À quel âge les sportifs comme vous prennent leur retraite ? Et que pensez-vous faire après ? Aimeriez-vous devenir entraîneur ?
Tout dépend de la carrière que tu as menée, de la discipline que tu pratiques. Les sports d’endurance peuvent être pratiqués plus longtemps par exemple, car ils sont moins traumatisants pour le corps. Si tu as été beaucoup blessé aussi, cela va influer sur ta longévité et ta carrière. Plus tu vieillis, plus ton hygiène de vie doit être irréprochable, car les écarts, à partir d’un certain âge, coûtent deux fois plus cher.
Si tu t’entraînes régulièrement, sans blessure ou interruption, si tu manges sain et correctement, si tu récupères bien, et surtout, si tu as encore l’envie, alors il n’y a pas de raison pour que tu ne puisses pas être au plus haut niveau.
En ce qui me concerne, j’ai 31 ans et j’évoque une participation aux jeux de Paris en 2024. Je n’ose pas faire le calcul, mais c’est possible. Surtout si tous les éléments que je viens de citer sont respectés. Mais ce sont des choix de vie, et cela peut être difficile quand on a une famille. On verra bien. Avant 2024, il y a Tokyo et je ne parle pas de retraite avant.
Être entraîneur ne m’a encore jamais tenté, même si j’aime beaucoup accompagner les jeunes quand ils arrivent au sein de l’équipe. J’aime être le grand frère. Donc pourquoi pas ? Mais je pense que je me dirigerais plutôt vers une vie d’entrepreneur. J’adore les challenges et ce que ça représente, l’idée de créer son entreprise.
Est-ce que les autres membres de votre famille sont aussi très grands ou êtes-vous le seul ?
Oui, tout le monde est grand ! Surtout mon papa, Moïse, et mon frère. Tous les deux mesurent près de 1,90 mètre. Ma maman fait plus de 1,70 mètre et ma sœur 1,80 mètre.
Où trouvez-vous des chaussures à votre taille ?
Pour la partie sportive, mes partenaires équipementiers, comme Under Armour en ce moment, les réalisent sur mesure. Dans la vie de tous les jours, c’est vrai que ce n’est pas simple. Mais aujourd’hui, j’ai la chance de voyager beaucoup et dans certains endroits, il est plus facile de trouver chaussures à mon pied ! Je chausse du 49,5.
Avez-vous un message à faire passer aux globe-reporters ?

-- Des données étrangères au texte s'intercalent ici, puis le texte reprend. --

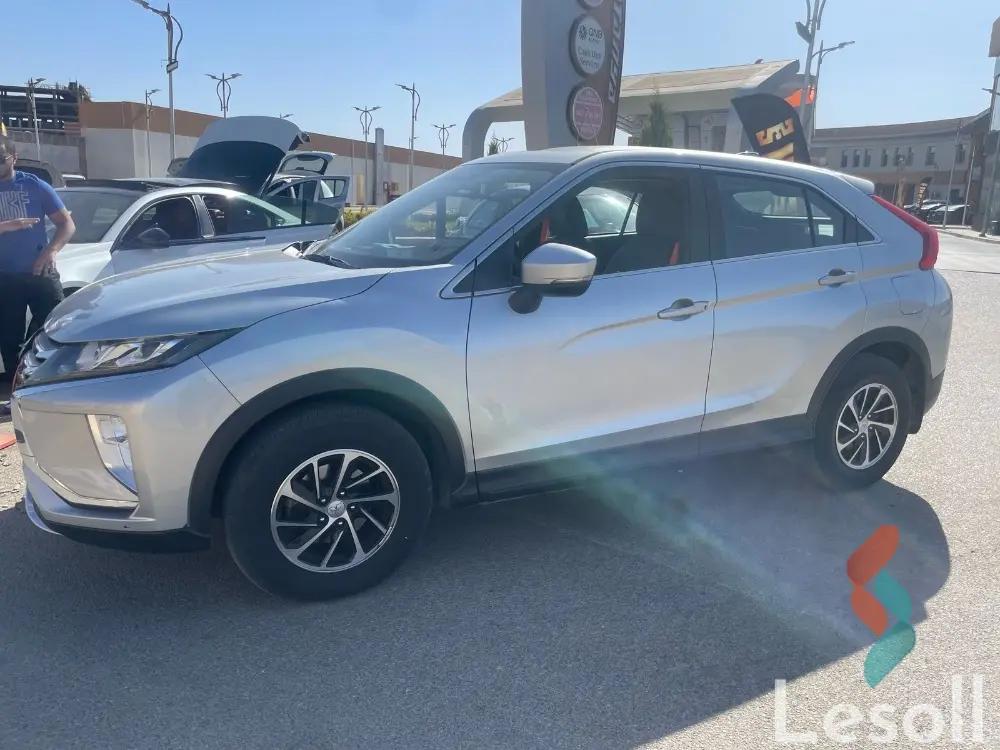 ميتسوبيشي إكليبس كروس اوتوماتك مستعملة فضي موديل 2021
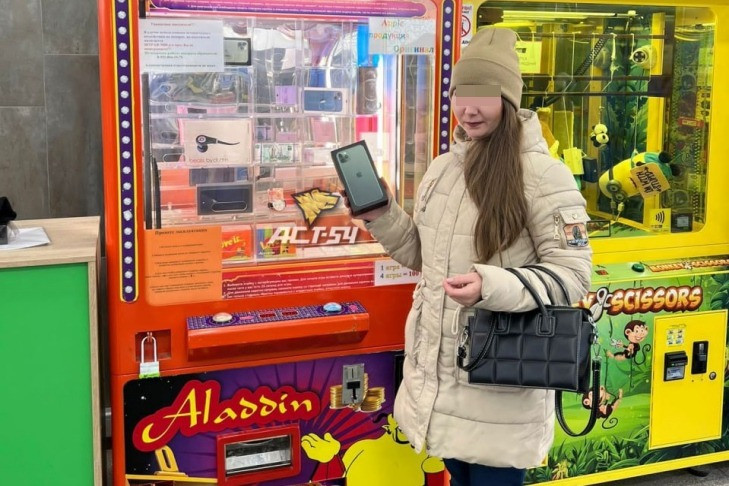 iPhone вручили девочке владельцы автомата в Новосибирске после резонанса в СМИ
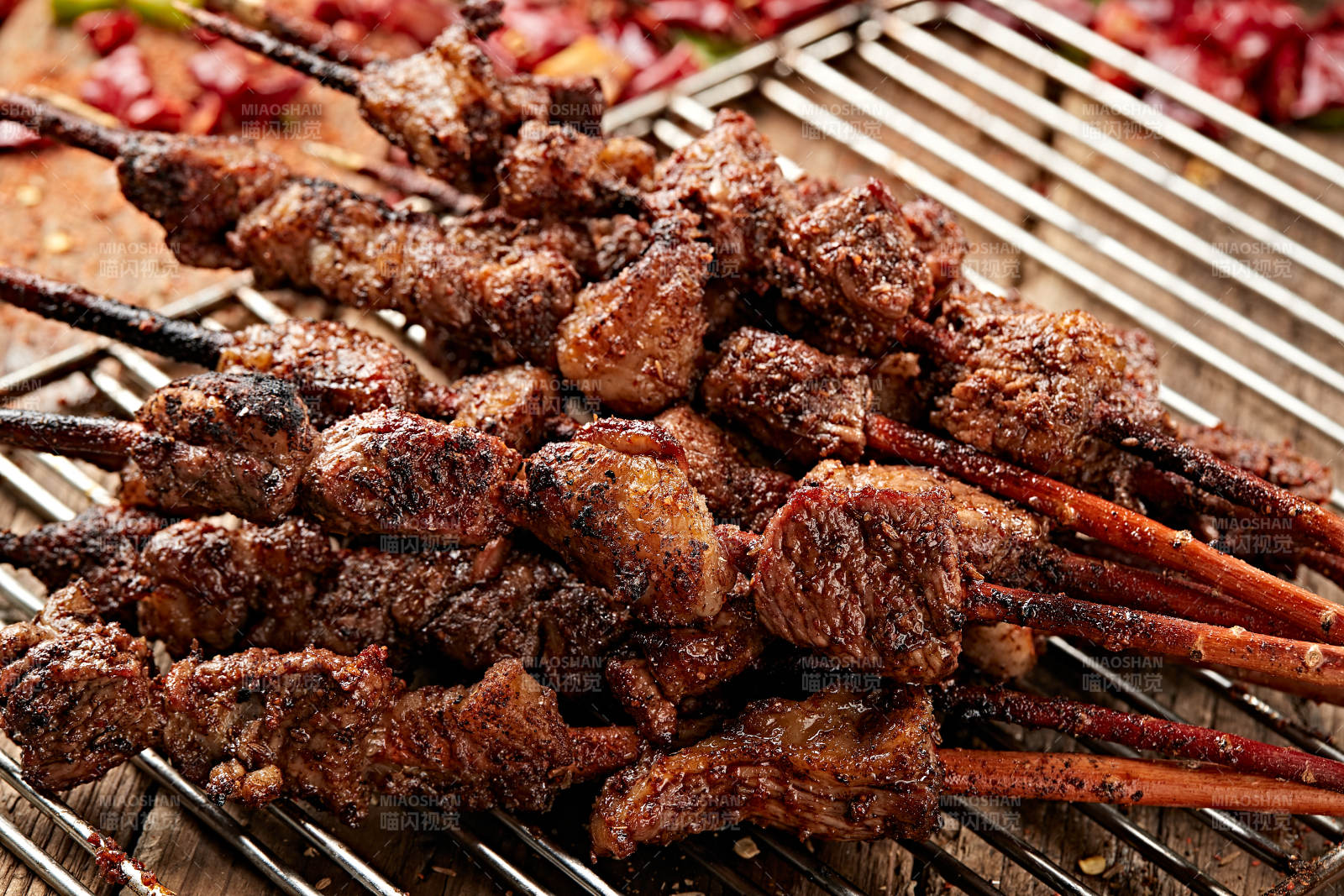 满是烟火气的烤炉上的鲜羊肉新疆红柳大串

Bien sûr ! Je tiens à vous encourager : vous avez choisi une très belle voie. Je vous souhaite d’aimer profondément ce que vous faites et de bien le faire. Dans votre métier, et avec un monde qui tourne vite, il faut être très attentif à la vérification des informations, c’est aujourd’hui une des choses les plus difficiles du métier de reporters avec l’avènement des réseaux sociaux et de l’information qui doit être donnée en permanence.
Un scoop c’est bien, c’est aussi passionnant. Produire un beau sujet, bien travaillé, c’est comme gagner une belle médaille. On doit être heureux du travail accompli et du résultat obtenu.